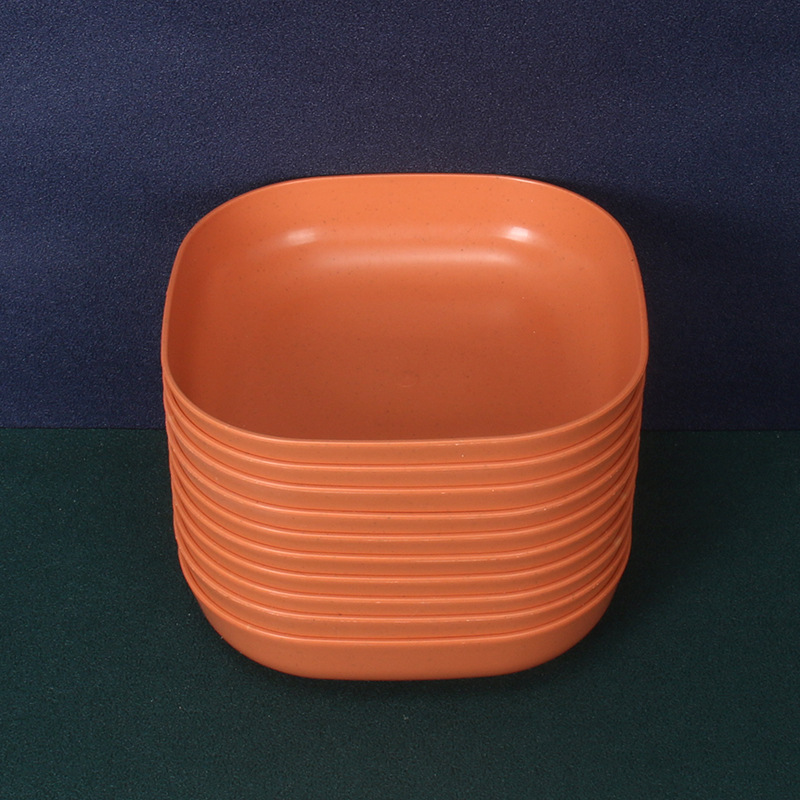 Plato Cuadrado Hondo para Huesos de 15 cm Set de 10 de Paja de Trigo y PP, Apto para Microondas, para Restaurante image 8
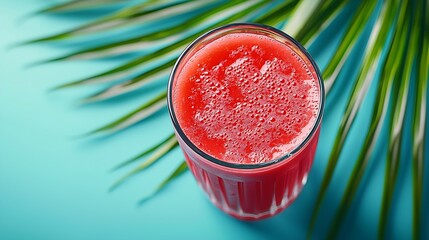 Poster - Fresh watermelon juice smoothie on blue background with palm leaf Top view : Generative AI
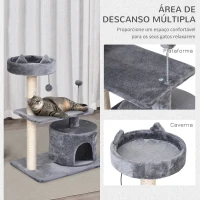 PawHut Árvore Arranhador para Gatos Médios com Cama Plataforma Caverna Poste de Sisal e Bolas de Brinquedo 60x40x81 cm Cinza(m-5)
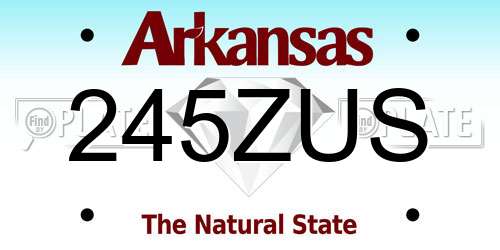 245ZUS Arkansas License Plate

----

◆ **Work instruction**
Every word of the data should be reproduced exactly; please omit any pictures.

◆ **Result for this exercise**
 Plato Cuadrado Hondo para Huesos de 15 cm Set de 10 de Paja de Trigo y PP, Apto para Microondas, para Restaurante image 8
 Poster - Fresh watermelon juice smoothie on blue background with palm leaf Top view : Generative AI
 PawHut Árvore Arranhador para Gatos Médios com Cama Plataforma Caverna Poste de Sisal e Bolas de Brinquedo 60x40x81 cm Cinza(m-5)
 245ZUS Arkansas License Plate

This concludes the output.